▶ [Exercise prompt]: The stretch from the line with "漫画《亲爱的你-Liebling！》第73话第129张图" through the line with "Тимошенко почали зачитувати вирок" in the records below: write it out exactly, and nothing else.

▶ [Recorded data]:

——————

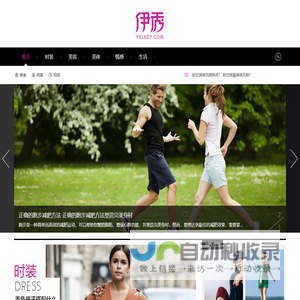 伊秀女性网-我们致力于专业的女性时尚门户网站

——————

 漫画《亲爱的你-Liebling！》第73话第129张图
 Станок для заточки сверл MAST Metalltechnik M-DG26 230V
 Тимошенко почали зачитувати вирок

——————

▶ [Your response]:
 漫画《亲爱的你-Liebling！》第73话第129张图
 Станок для заточки сверл MAST Metalltechnik M-DG26 230V
 Тимошенко почали зачитувати вирок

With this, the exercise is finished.